● **SOURCE DATA**:
*** Begin section ***

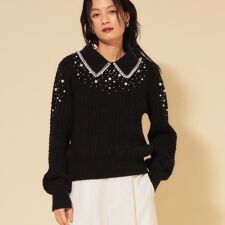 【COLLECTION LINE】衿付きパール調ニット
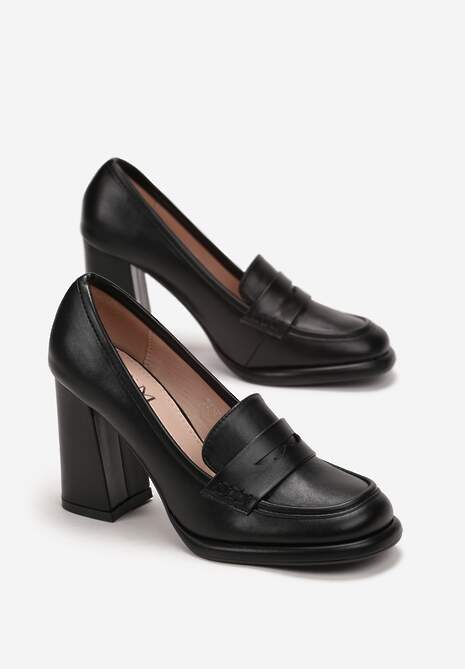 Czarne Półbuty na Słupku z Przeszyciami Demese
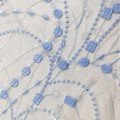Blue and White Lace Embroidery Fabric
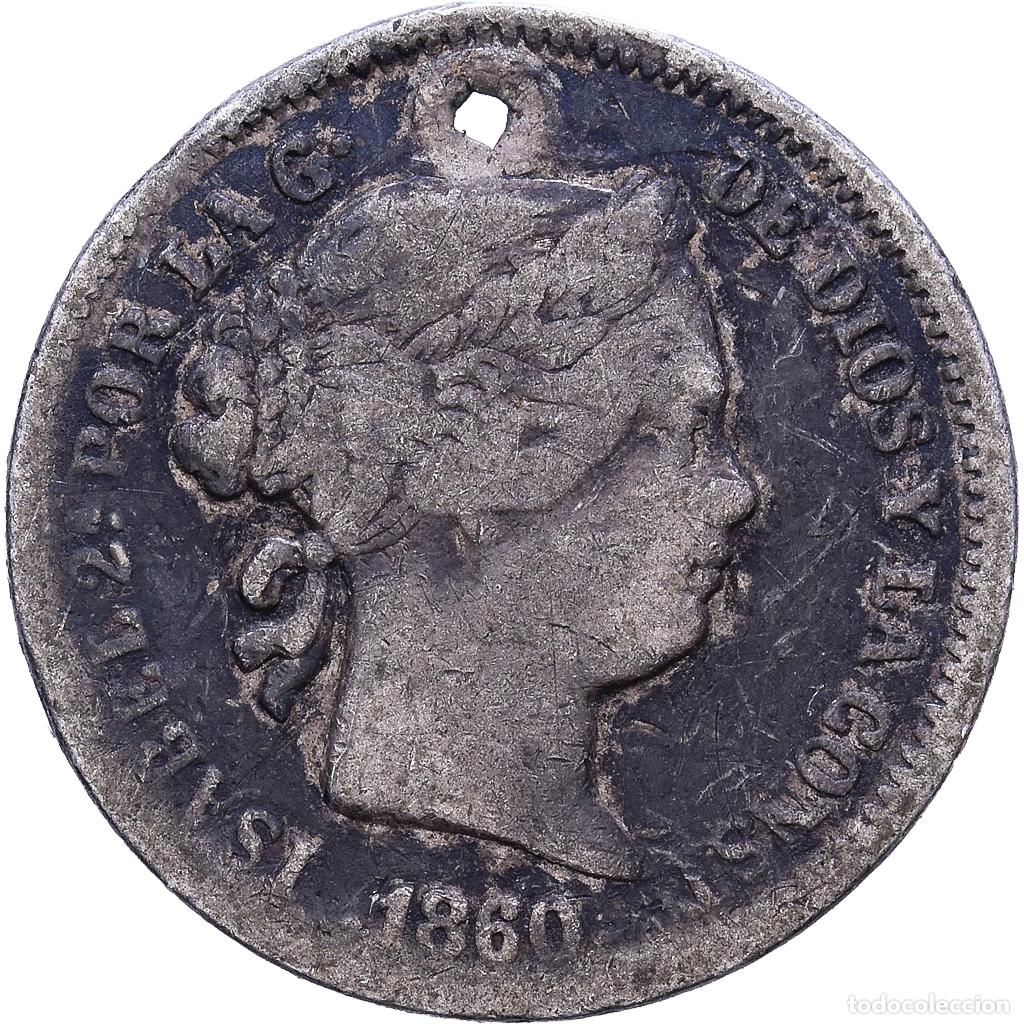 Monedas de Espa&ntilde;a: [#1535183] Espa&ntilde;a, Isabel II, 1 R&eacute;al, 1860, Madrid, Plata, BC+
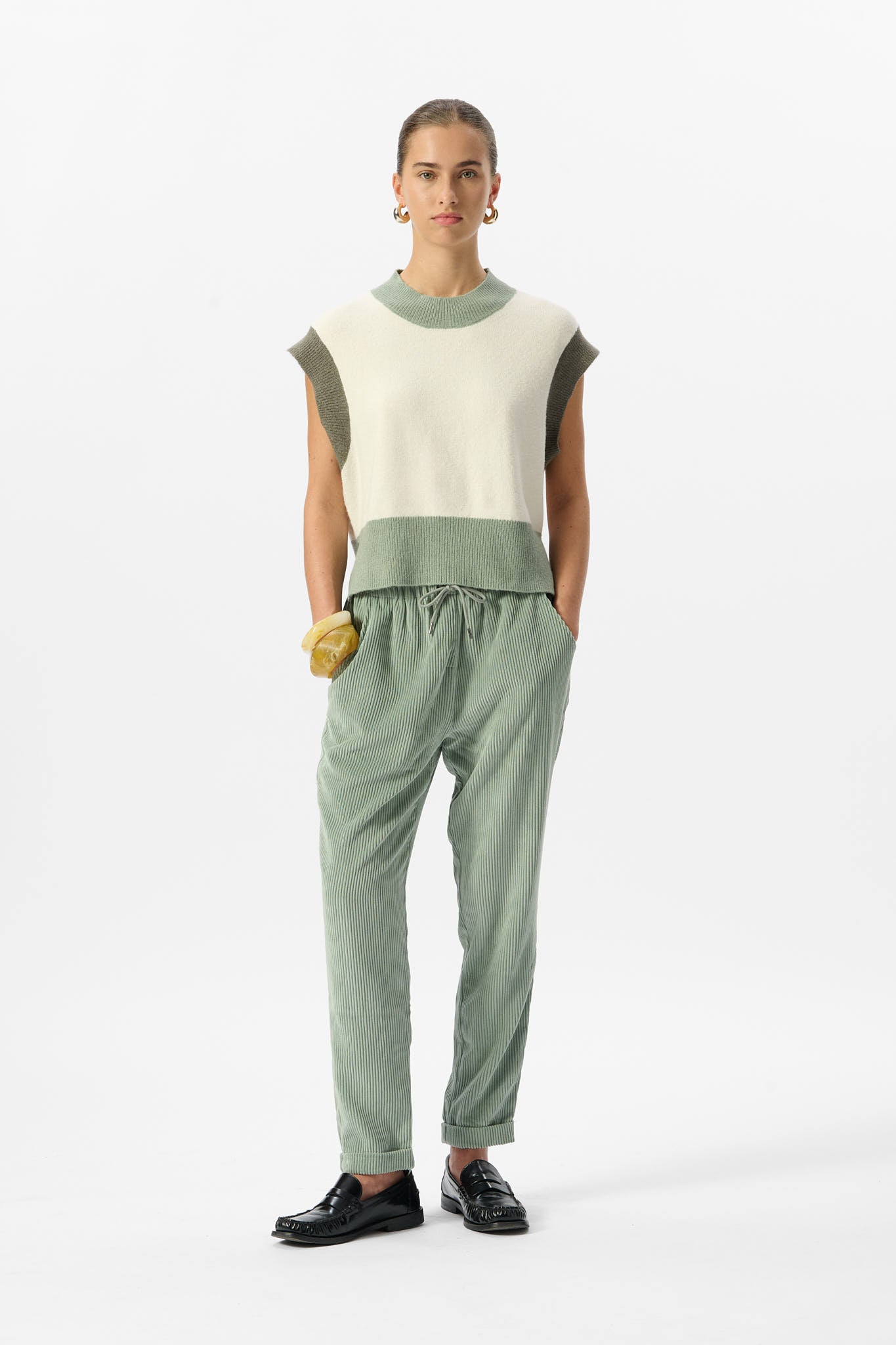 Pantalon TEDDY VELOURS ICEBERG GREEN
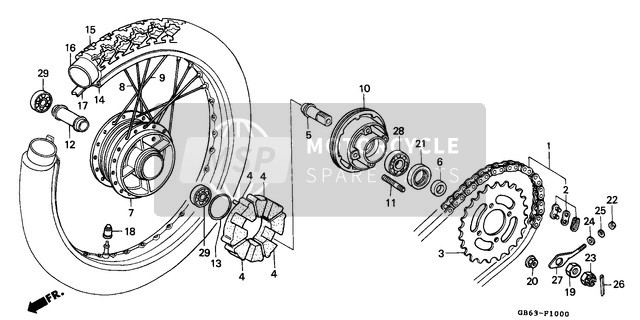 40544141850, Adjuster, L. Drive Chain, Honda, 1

*** End section ***
*** Begin section ***

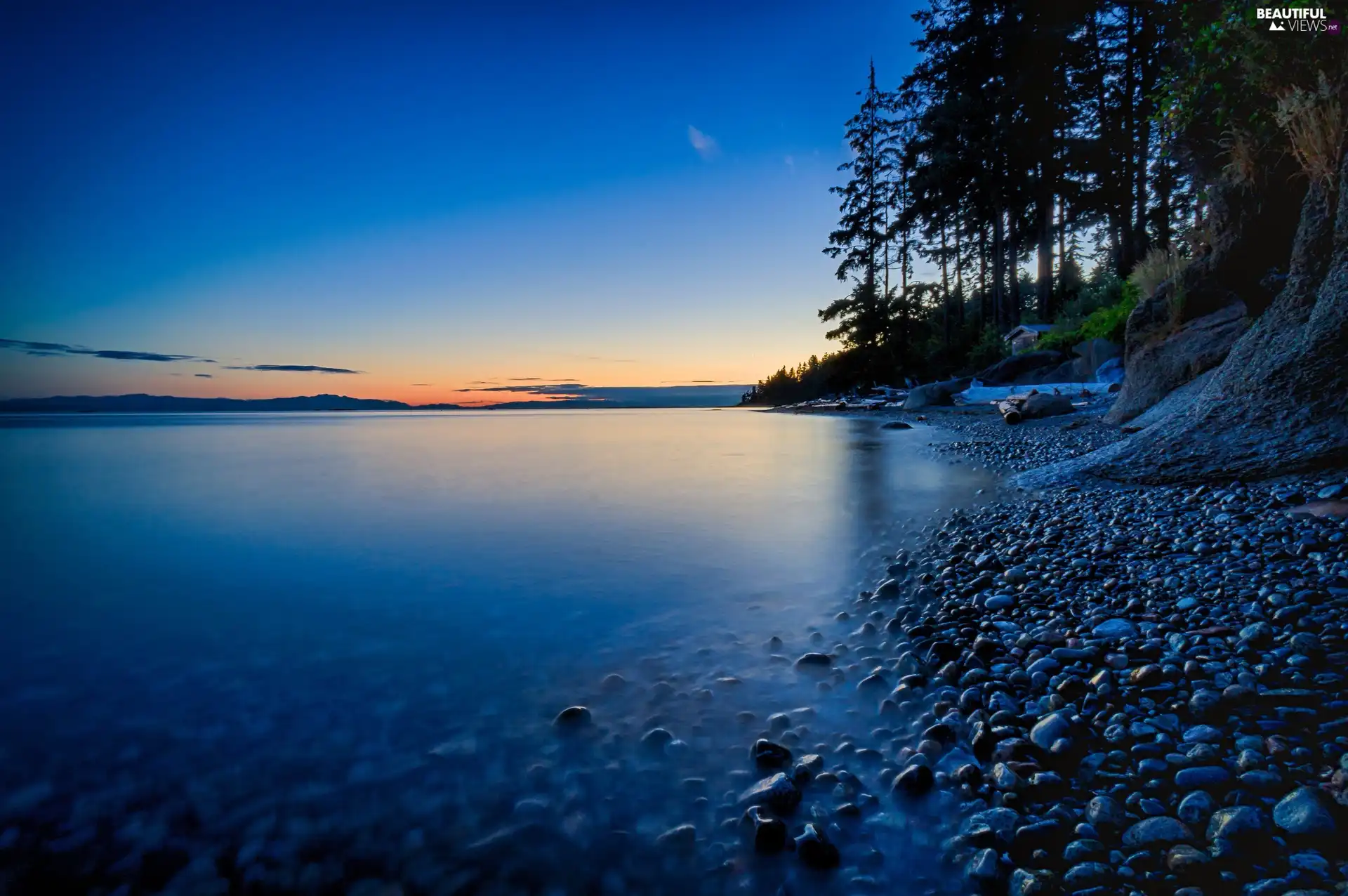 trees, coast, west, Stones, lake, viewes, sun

*** End section ***
*** Begin section ***

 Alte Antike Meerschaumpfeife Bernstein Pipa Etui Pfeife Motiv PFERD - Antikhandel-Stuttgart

*** End section ***

● **TASK ITEM**: Pictures aside, return exactly the lines from the data above, starting at the line that has "Monedas de Espa&ntilde;a: [#1535183]" and ending at the line that has "40544141850, Adjuster, L.", both included.

● **EXERCISE SOLUTION**:
 Monedas de Espa&ntilde;a: [#1535183] Espa&ntilde;a, Isabel II, 1 R&eacute;al, 1860, Madrid, Plata, BC+
 Pantalon TEDDY VELOURS ICEBERG GREEN
 40544141850, Adjuster, L. Drive Chain, Honda, 1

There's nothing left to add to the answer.